Rasenpflege Klimawandel
Wiese voller Krokusse. Foto: Martin Bocksch

Ich möchte es dennoch an dieser Stelle einmal versuchen, da gerade viele Rasenfreunde nach Orientierung suchen. Klimawandel mit Verschiebung der Jahreszeiten, Kritik an artenarmen, ja "toten" Rasenflächen und immer neue Produkte und Hilfsmittel, die die ultimative Lösung aller Probleme versprechen. Wer soll da den Überblick behalten.

Das zeitige Frühjahr nutzen

Ende Februar 2024 – die Rasenpflegesaison hat begonnen! Auch zukünftig werden wir uns auf einen früheren Beginn einrichten müssen. Die Rasenflächen sehen momentan größtenteils gelblich aus. Moos hat sich erkennbar ausgebreitet. Der Wind treibt das letzte Laub darüber hinweg und Äste liegen auch darauf. Aber der Frühling steht in den Startlöchern: Schneeglöckchen und auch Winterlinge blühen bei Sonnenschein bereits herrlich bunt und die ersten Krokusse lassen auch in unserem schattigen Garten ihre Blüten erahnen. Es geht also schon was.

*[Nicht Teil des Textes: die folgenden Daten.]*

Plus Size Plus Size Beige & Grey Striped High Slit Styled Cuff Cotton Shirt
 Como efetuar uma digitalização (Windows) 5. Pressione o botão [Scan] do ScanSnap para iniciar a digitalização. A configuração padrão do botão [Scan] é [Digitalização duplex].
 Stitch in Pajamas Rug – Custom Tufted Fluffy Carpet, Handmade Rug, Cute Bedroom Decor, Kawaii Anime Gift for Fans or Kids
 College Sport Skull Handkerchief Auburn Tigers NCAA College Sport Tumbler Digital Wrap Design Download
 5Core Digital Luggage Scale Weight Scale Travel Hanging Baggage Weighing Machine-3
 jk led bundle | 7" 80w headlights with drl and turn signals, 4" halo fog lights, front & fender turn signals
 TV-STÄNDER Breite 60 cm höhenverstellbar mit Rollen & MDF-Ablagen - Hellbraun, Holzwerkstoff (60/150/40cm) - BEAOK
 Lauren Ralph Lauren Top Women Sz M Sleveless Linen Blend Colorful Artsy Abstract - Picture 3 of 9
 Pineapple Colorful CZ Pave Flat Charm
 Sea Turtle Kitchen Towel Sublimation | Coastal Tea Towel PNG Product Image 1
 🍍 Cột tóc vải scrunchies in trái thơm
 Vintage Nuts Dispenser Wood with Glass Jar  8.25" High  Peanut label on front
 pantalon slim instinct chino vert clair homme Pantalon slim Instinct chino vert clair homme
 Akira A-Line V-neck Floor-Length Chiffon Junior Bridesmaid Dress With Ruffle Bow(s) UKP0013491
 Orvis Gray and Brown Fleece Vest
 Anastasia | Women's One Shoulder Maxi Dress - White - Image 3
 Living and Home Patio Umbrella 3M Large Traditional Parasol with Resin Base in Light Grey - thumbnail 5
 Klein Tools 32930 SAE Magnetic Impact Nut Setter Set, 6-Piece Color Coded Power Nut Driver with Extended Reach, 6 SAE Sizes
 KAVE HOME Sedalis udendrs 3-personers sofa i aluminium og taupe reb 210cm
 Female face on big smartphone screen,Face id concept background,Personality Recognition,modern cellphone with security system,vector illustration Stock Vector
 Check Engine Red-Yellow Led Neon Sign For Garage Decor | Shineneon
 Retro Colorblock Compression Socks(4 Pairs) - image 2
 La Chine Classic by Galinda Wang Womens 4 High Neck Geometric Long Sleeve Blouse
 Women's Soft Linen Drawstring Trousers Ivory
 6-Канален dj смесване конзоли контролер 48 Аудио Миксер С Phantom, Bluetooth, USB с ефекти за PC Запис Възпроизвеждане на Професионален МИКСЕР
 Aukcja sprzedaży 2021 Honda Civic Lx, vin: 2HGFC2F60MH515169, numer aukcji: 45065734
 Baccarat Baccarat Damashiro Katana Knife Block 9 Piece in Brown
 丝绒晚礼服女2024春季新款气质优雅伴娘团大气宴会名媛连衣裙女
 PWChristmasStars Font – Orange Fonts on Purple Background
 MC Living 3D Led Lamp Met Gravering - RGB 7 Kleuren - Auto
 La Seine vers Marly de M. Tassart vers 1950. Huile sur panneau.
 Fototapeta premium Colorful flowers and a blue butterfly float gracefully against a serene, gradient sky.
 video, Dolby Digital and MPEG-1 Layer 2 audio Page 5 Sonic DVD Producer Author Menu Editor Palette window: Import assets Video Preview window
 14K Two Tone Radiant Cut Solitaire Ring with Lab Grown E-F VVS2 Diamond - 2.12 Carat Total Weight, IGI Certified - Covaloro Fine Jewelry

Wecken wir daher nun unseren Rasen. Aber bitte schonend. Ein ordentlicher Eisenrechen oder Striegel auf dem Sportplatz ist gerade recht. So kommt wieder Licht an die Gräser. Dass dabei immer wieder Pflanzen herausgerissen werden ist ganz in Ordnung. Sie sind nicht gut verwurzelt und das in der Zeit des stärksten Wurzelwachstums (Abb. 1: Wachstumskurve). Das ist ein Zeichen, dass sie krank sind und es sinnvoll ist, sie zu entfernen. Daher gehören alle diese Rasenabfälle auch nicht auf den Kompost, sondern besser in die Mülltonne oder anderweitig entsorgt. Aber immer auf die Krokusse aufpassen!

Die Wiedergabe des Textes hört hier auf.